Pour aborder un tel sujet, il faut d'abord sans doute partir des conflits historiques qui, depuis la naissance de la science, l'ont opposé à la religion (ce qui supposait un minimum de culture par rapport à ces conflits, en astronomie avec Gallilée et l'histoire du conflit entre géocentrisme et héliocentrisme, en théorie de l'évolution (Darwin et la théorie du créationisme), en médecine, ect…Voir sur ce sujet le livre de B . Russell, Science et religion). Si l'on remonte loin dans l'histoire des croyances, on s'aperçoit qu'effectivement la science a mit fin à un nombre étonnant de superstitions, de visions fausses, à commencer par la mythologie, certaines croyances magiques des mentalités primitives; bref, le développement des sciences a réfuté des pans entiers de la croyance religieuse et a contribué à la rationalisation de notre vision de la nature. On peut bien dire en ce sens que  la science est un "désenchantement du monde " pour reprendre la formule de Max Weber. On peut donc commencer par montrer en quoi la vision scientifique du monde est rentrée en opposition avec certaines affirmations qui furent longtemps celles de la religion. On peut également souligner le caractère rationnel de la démarche scientifique et l'aspect irrationnel de la foi religieuse, leur conception de la vérité et de la connaissance étant radicalement différentes (cf. Cours).

Mais la difficulté consiste à sortir de la perspective historique pour poser un problème philosophique, celui du rapport entre croyance et connaissance et analyser leur limites respectives.
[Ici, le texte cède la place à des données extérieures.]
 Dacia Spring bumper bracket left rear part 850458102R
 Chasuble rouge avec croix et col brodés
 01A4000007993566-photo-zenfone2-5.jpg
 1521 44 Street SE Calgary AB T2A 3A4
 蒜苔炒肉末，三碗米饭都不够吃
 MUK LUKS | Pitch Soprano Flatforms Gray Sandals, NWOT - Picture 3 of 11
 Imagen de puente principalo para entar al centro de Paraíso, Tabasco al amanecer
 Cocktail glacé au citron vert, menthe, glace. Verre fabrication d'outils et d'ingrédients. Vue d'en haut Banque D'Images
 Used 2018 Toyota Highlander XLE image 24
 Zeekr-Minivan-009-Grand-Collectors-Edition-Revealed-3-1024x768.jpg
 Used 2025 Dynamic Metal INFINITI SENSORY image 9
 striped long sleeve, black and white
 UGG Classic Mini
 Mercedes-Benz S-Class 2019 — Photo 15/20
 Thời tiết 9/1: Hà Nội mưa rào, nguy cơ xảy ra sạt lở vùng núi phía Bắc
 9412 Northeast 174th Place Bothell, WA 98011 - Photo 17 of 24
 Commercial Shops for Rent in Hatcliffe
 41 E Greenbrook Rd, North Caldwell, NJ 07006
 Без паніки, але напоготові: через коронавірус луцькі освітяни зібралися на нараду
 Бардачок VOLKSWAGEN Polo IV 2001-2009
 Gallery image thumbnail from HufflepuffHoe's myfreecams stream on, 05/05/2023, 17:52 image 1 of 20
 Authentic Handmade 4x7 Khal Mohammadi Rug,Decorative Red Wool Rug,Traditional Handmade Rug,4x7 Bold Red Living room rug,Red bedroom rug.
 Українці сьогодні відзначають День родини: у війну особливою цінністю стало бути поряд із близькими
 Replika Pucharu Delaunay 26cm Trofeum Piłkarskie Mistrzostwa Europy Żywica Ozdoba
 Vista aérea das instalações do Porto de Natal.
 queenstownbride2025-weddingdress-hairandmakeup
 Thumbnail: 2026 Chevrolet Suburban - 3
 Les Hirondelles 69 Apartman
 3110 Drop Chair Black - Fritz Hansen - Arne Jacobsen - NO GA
On peut alors montrer la compatibilité du message religieux et scientifique, non pas au sens où l'un viendrait soutenir ou confirmer l'autre, hypothèse absurde (on ne peut demander à la science de réfuter ou de confirmer l'existence de Dieu, ni à la religion de s'occuper de physique ou de biologie), mais au sens où ces deux visions de la réalité peuvent se superposer à certaines conditions qu'il faut préciser: à condition que la religion n'affirme plus de théories contraires à la science (héliocentrisme par exemple), à condition que les religions acceptent l'autonomie de la recherche scientifique, ne prétendent plus régenter le savoir concernant le monde de la nature et acceptent de modifier leurs visions des choses en fonction de l'évolution des savoirs, comme ce fut le cas pour l'Eglise, bien obligée d'admettre après coup que Galilée avait raison. Concernant la théorie évolutioniste, la religion doit donc comprendre que le récit de la Génèse n'est pas vrai au sens historique mais correspond plutôt à un mythe qu'il faut interpréter (et ne pas prendre au pied de la lettre) pour comprendre son message. La science est donc compatible avec la religion si celle-ci ne prétend plus expliquer les phénomènes naturels par des causes surnaturelles, si elle se dégage d'une lecture dite fondamentaliste des textes sacrés (qui consiste à prendre tout ce qui écrit au 1er degré) et si la religion accepte de modifier ses points de vue en fonction des découvertes scientifiques; elle doit donc reconnaître ses limites, son impuissance à trancher des questions qui concernent seulement la science.

A l'inverse, la science n'a pas réponse à tout et est incapable de trancher certaines questions relatives à la croyance et qui relèvent d'affirmations métaphysiques (que la science n'aborde pas). Science et religion sont donc compatibles, à condition qu'elle ne parlent pas de la même chose et qu'elles se reconnaissent incompétentes à trancher les questions qui leurs sont spécifiques. C'est donc paradoxalement l'histoire des découvertes scientifiques qui a obligé la religion à prendre conscience de sa spécificité et de son domaine propre, de même que la nature des croyances humaines doit montrer aux scientifiques les limites du savoir qu'ils élaborent.